• _Exercise_
Taking the entries below, transcribe only the lines starting with the one with "Annika - Gemütliche Kapuzenjacke" and going on through the one with "Sleep Essential Oil Gift Set (Herb)", exactly as written, without the pictures.

Segment Start: Excerpted records

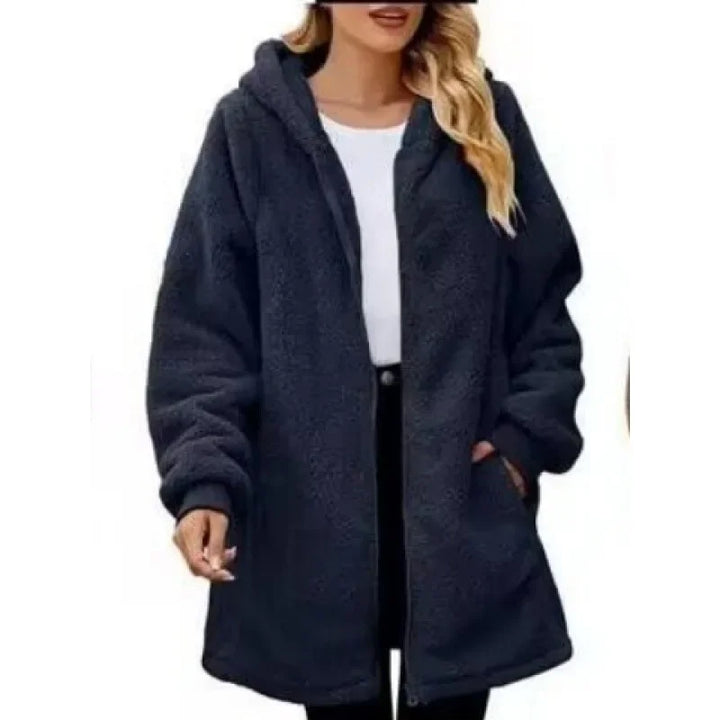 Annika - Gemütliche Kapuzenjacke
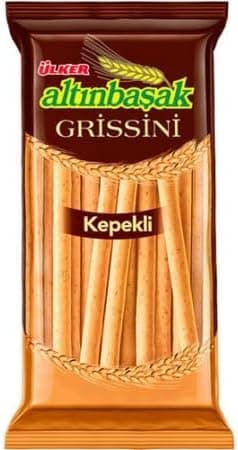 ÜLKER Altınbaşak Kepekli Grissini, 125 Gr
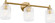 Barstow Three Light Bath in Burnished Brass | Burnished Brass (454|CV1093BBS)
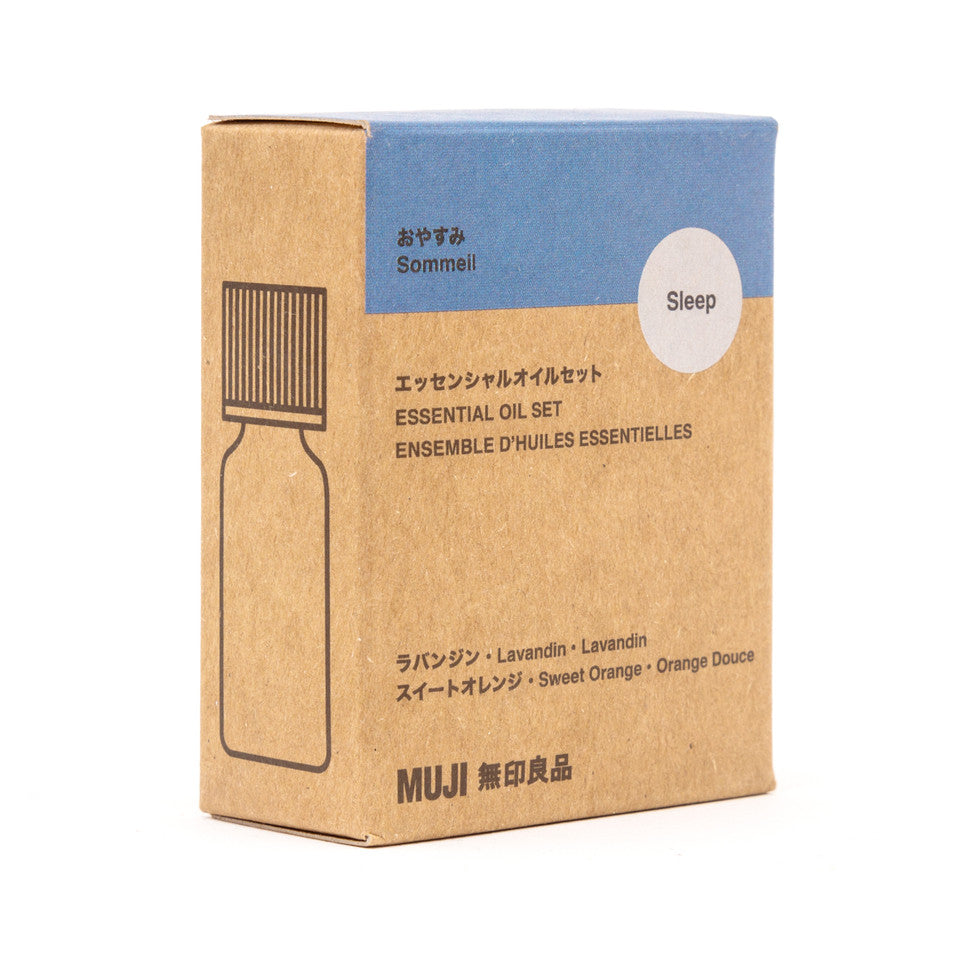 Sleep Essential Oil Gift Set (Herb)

Segment End: Excerpted records
Segment Start: Excerpted records

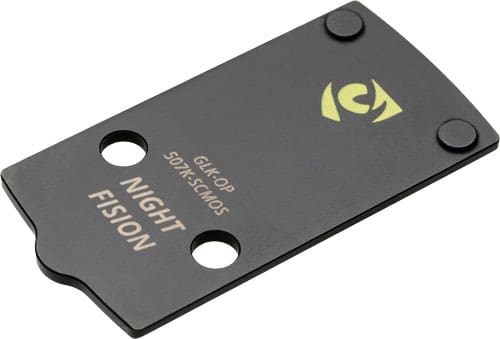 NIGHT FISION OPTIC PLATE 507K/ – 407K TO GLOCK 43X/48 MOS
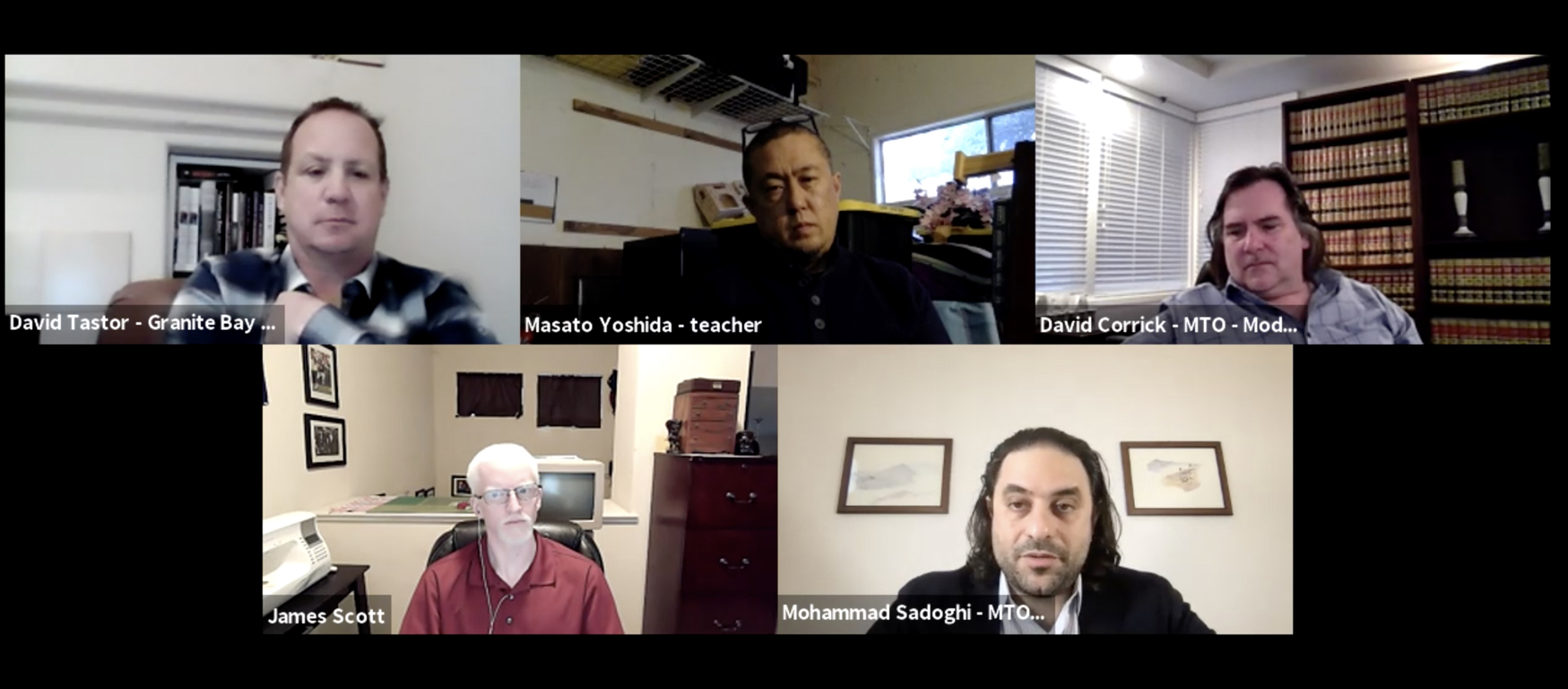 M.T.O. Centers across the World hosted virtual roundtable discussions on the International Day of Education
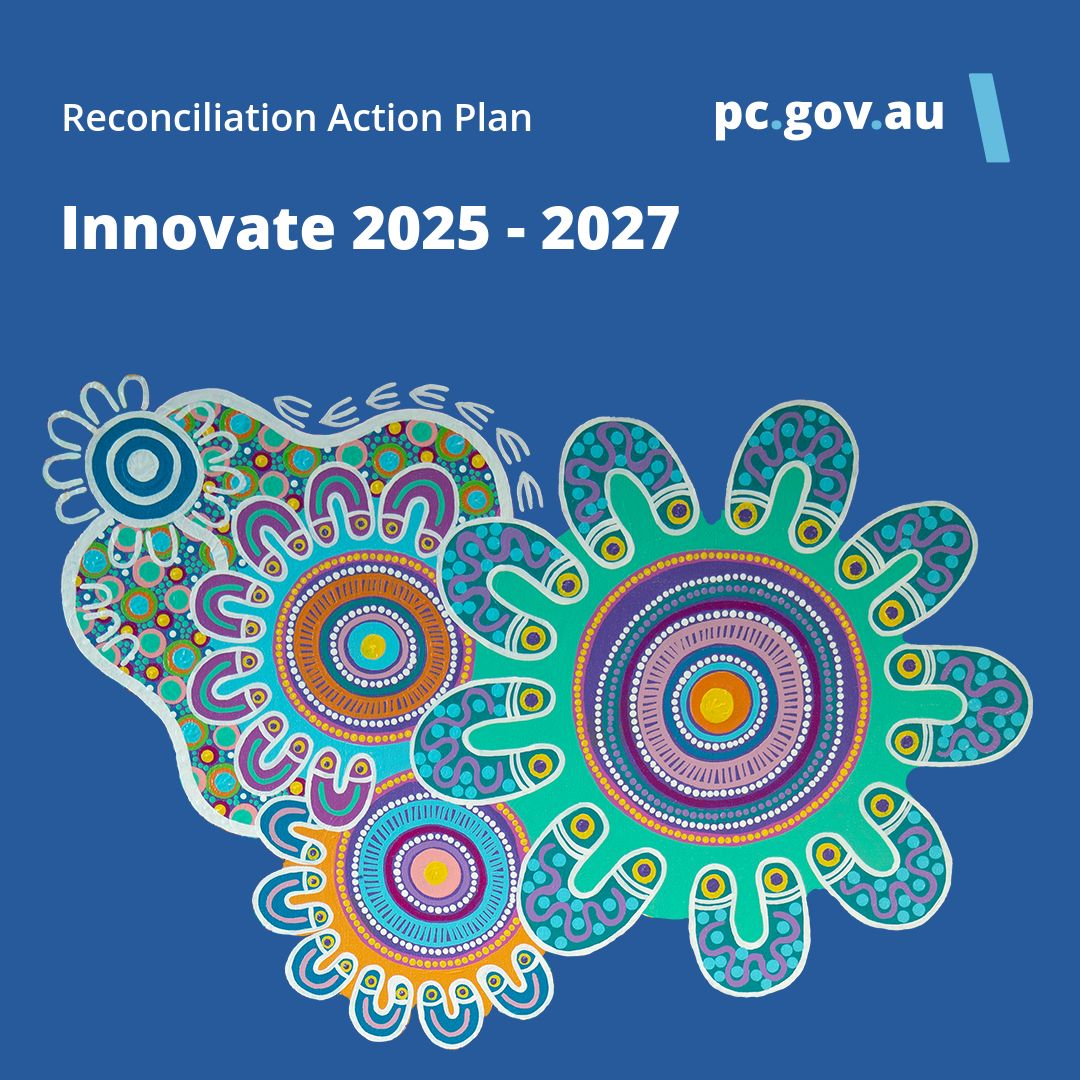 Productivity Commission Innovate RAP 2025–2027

Segment End: Excerpted records

• _Output of the exercise_
 Annika - Gemütliche Kapuzenjacke
 ÜLKER Altınbaşak Kepekli Grissini, 125 Gr
 Barstow Three Light Bath in Burnished Brass | Burnished Brass (454|CV1093BBS)
 Sleep Essential Oil Gift Set (Herb)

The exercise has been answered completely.